DATA BLOCK Block Start

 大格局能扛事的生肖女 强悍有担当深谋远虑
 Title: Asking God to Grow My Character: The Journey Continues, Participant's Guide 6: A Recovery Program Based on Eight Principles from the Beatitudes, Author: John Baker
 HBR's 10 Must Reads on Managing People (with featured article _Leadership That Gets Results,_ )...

DATA BLOCK Block End

TASK OBJECTIVE:
Everything in the listing must be written out again without any change.

TASK RESULT:
 大格局能扛事的生肖女 强悍有担当深谋远虑
 Title: Asking God to Grow My Character: The Journey Continues, Participant's Guide 6: A Recovery Program Based on Eight Principles from the Beatitudes, Author: John Baker
 HBR's 10 Must Reads on Managing People (with featured article _Leadership That Gets Results,_ )...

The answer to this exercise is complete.